Of all the views today regarded as “assured,” “established,” “scientifically validated,” and so forth, probably none has achieved wider acceptance among conservatives and liberals, fundamentalists and modernists, alike, than the Mark-hypothesis. We mean, the view that Mark (in some form) is the earliest gospel, and was used (copied) by the authors (compilers) of Matthew and Luke.

This view I once cordially embraced, quite without at first noticing that it involved several serious consequences. These may be mentioned briefly in passing. Accepting the Mark-hypothesis means: 1. you have exchanged three witnesses for one; 2. Matthew and Luke have become later compilations of questionable character; 3. your one independent witness has no resurrection appearance (because it is so widely considered to end at 16:8); 4. neither does it mention the supernatural virgin birth, or numerous other matters, which would be regarded by many as true history, were only Matthew and Luke authentic works by accredited witnesses both of what they alone contain and of what they share in common with Mark.

This view (to continue, then), so widely received, and which most ministers have accepted because it does seem to leave them with a very solid, though contracted, foundation for faith, I have come to question. My reasons for doing so follow.

In August, 1945, on vacation, I was comparing Matthew, Mark, and Luke in Greek. I was underlining the three texts with solid and broken lines in three colors, red, blue, and green. This was done for the purpose of making the relations, all the different kinds of agreements and differences, stand out clearly before the eye. Then a moment came in which I realized that so many thousands of details were involved that no one could keep them in mind. I perceived at the same time that it was almost as hard to unravel and interpret my elaborate underlinings as it was to insert them. And lastly, I saw that the method was no good. The relations were more complicated even than the very complicated system I was using for isolating them to the eye. Some words had to be doubly underlined; others could not be underscored at all. There and then the method was abandoned and a new one devised.

Tedious Investigation

The essence of the new method was to devote a separate line to every agreement and to every difference, and to compare only two gospels with each other at one time. Only two colors were used. If an agreement, or an item of disagreement, extended to only one word in length, it still ought to have a separate line in the new synopsis. The method being devised, I prepared Matthew and Mark for copying out, by marking every difference in red. On reaching home I found a stationer able to supply large sheets of paper (13 × 14) with fifty lines to the page. These were very suitable for the new kind of “synopsis.” Then, each day, one or two pages were prepared. The work done, it had to be recopied, and rearranged. It had to be twice checked against the printed texts—all words being counted as a precaution against omissions.

Now, when I had done this work and studied it, two things had become sure. The first was that nothing—absolutely nothing—had appeared which could be fairly interpreted to mean that Mark was earlier than Matthew, or that Mark had been the source of materials contained in Matthew.
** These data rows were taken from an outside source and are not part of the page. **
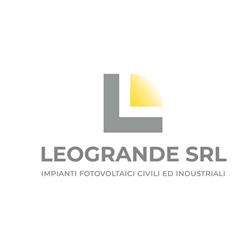 ing. Leogrande Gianpiero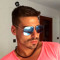 Jose Larrea 2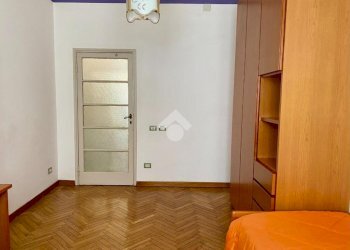Three-room apartment Via Privata Giuseppe Sacconi, Milano (neighborhood Corvetto) - photo 4
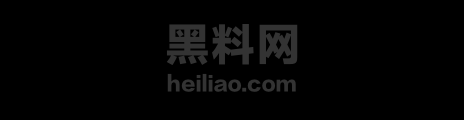 河北御姐张鑫浴室对镜后入性爱1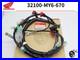 Honda-WIRING-1993-2022-XR650L-HARNESS-New-Genuine-32100-MY6-670-01-wap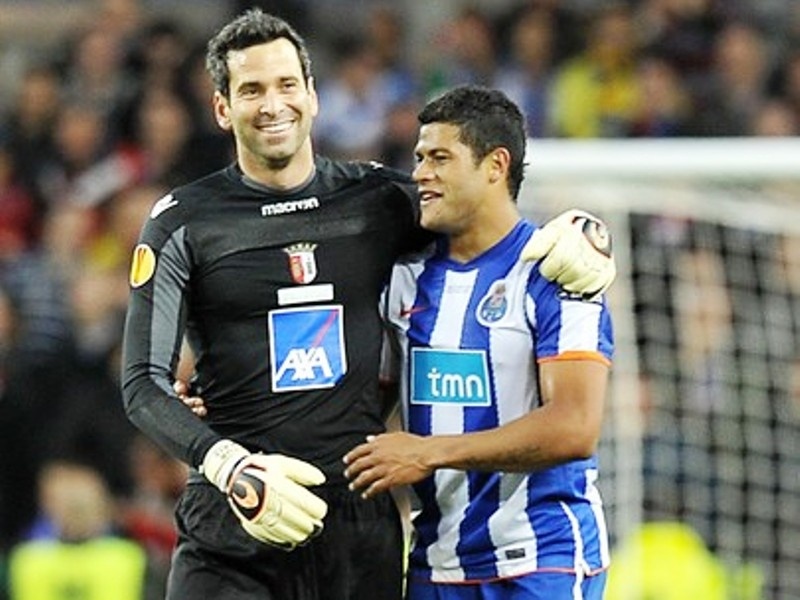 «Ιδανική επιλογή ο Παναθηναϊκός»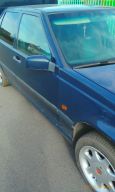  Volvo 850 1995 , 140000 , 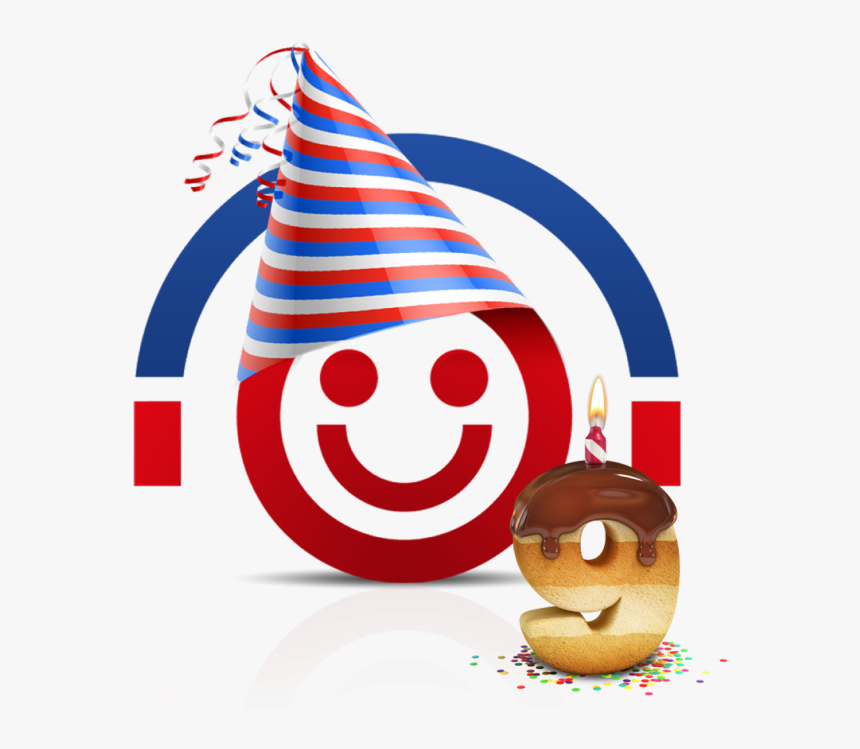 Transparent Bandera De Cuba Png, Png Download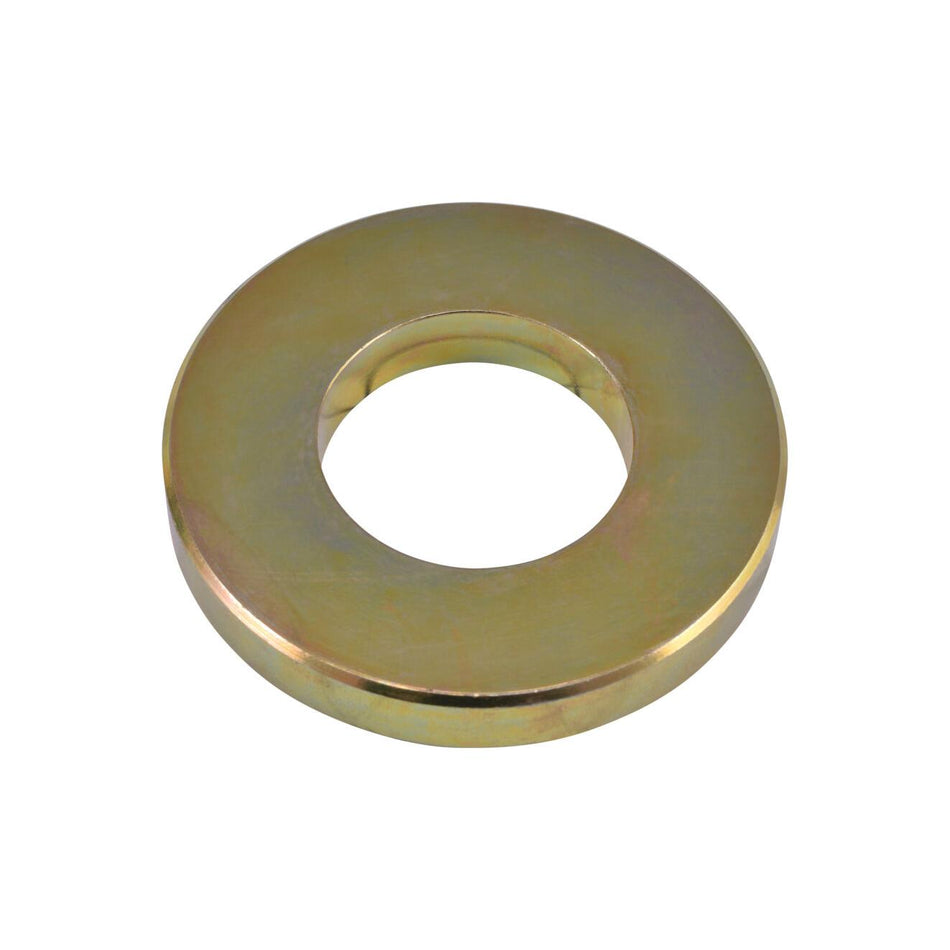JLG Part # 10113599 - BOSS. TOGGLE PLATE -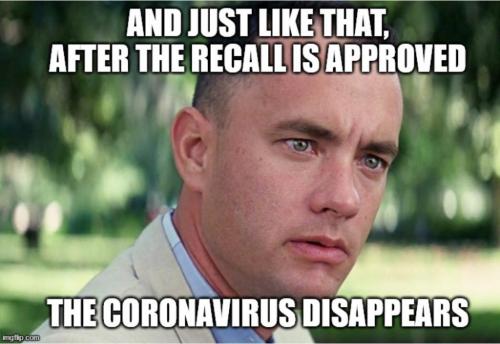 07:35:28 GMT-0800 (PST)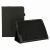 Чехол-книжка для Samsung Galaxy Tab S4 T830 / T835 (черный) Book Case Max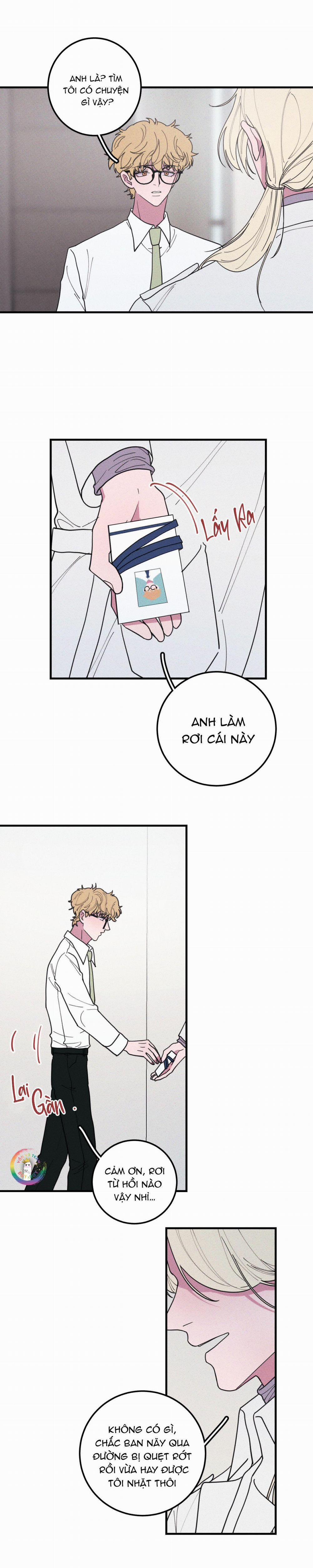 Bánh Quy Tẩm Đá 45 trang 6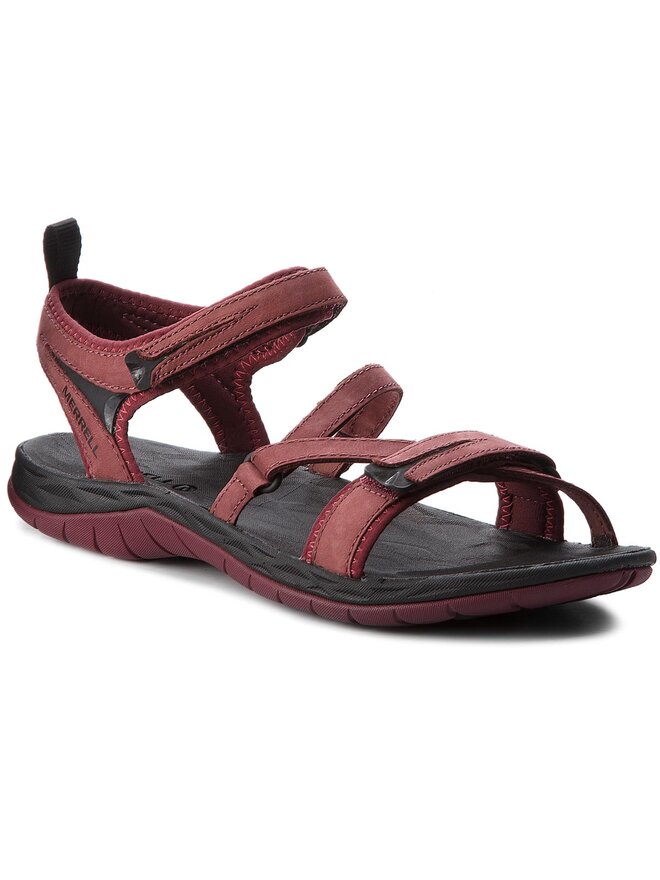 Merrell Siren Strap Q2 J12714 epapoutsia.gr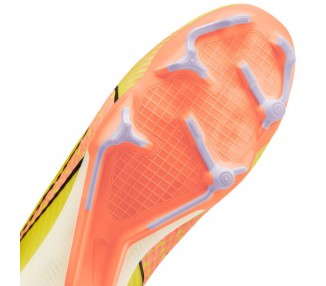 Korki lanki Nike Zoom Vapor 15 Academy FG/MG DJ5631-780 | Butys.pl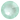 Serinity Flat Back Crystals Non Hotfix (2000, 2058 & 2088) Crystal Soft Mint Ignite UNFOILED - Bluestreak Crystals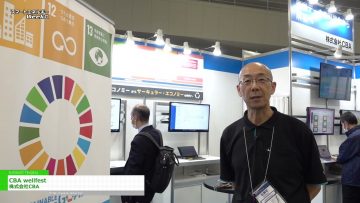 maxresdefault-118.jpg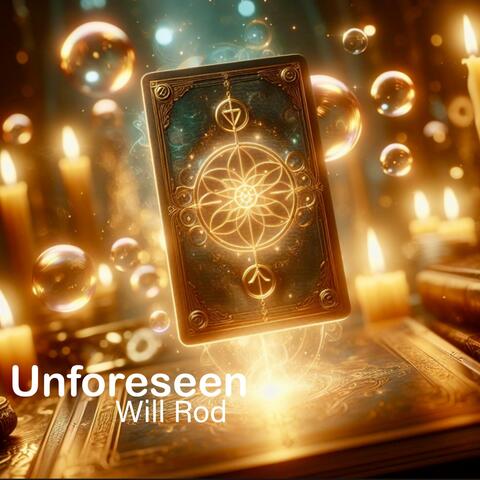 Unforeseen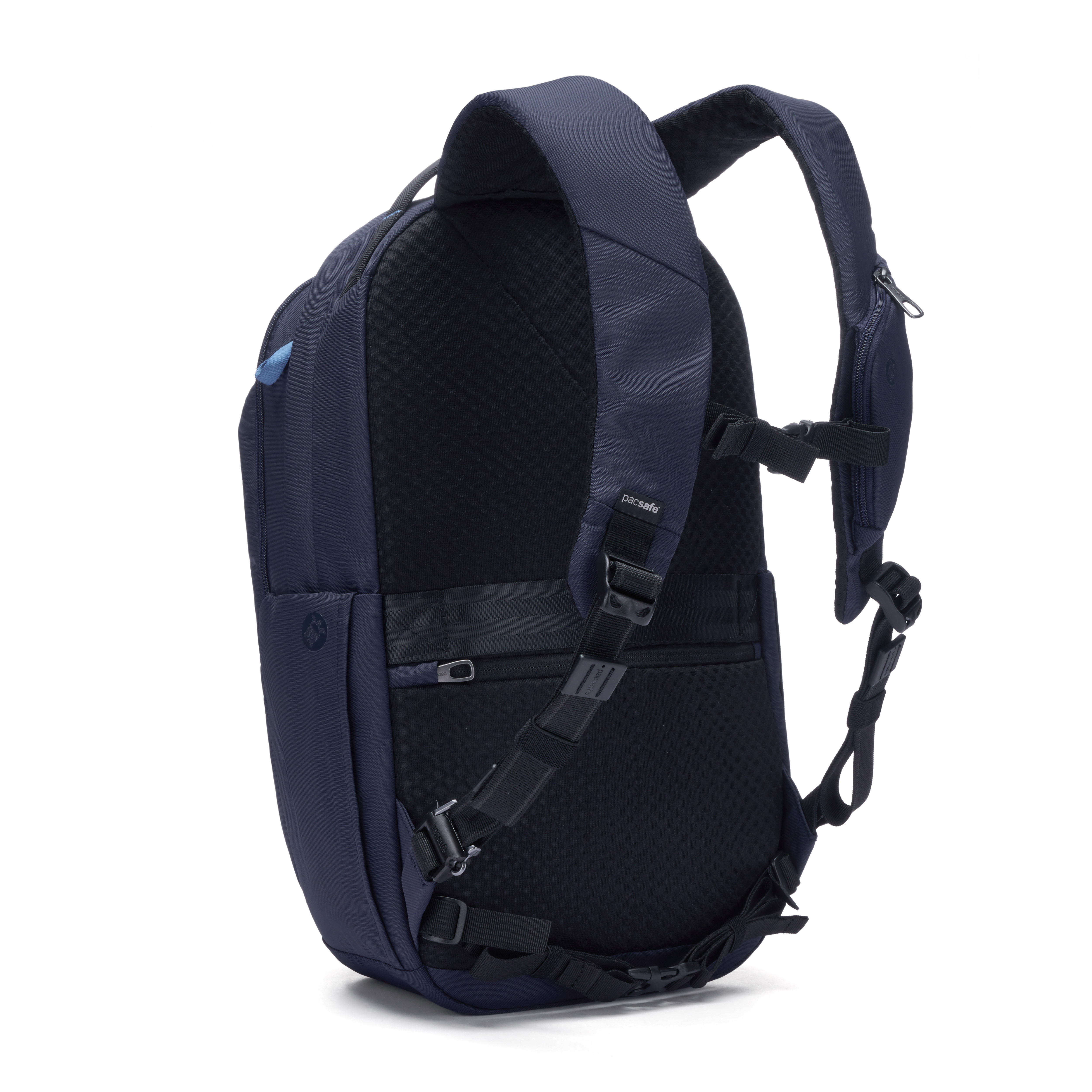V 26L Tour Backpack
Such a result, naturally, plunged me into a searching inquiry. What reasons did the books give for the opinion they maintained that Mark was earliest? I found a great variety of different answers, but none of really persuasive force, especially in view of the total absence of both external and internal evidence. Perhaps the best way available for expressing my own view will be to use the words of another, and even of one who remained unshaken in his support of the Mark-hypothesis. I once had an opportunity to present my work before six professors of theology. In the course of the presentation I propounded a little challenge I had worked out. I asked them whether any one could show me “a single, unequivocal piece of internal evidence—even if it were only a straw in the wind capable of showing which way the wind was blowing—that made it look as if something in Matthew had been copied from Mark.” Then, turning to one man, whom I had asked this question some months before, I asked pointedly whether he now knew anything of the sort—anything indicating that Mark was earlier. He answered: “I know that I wouldn’t give any of the reasons they give in the books!” With thanks to him who framed it, I may willingly adopt his answer as my own.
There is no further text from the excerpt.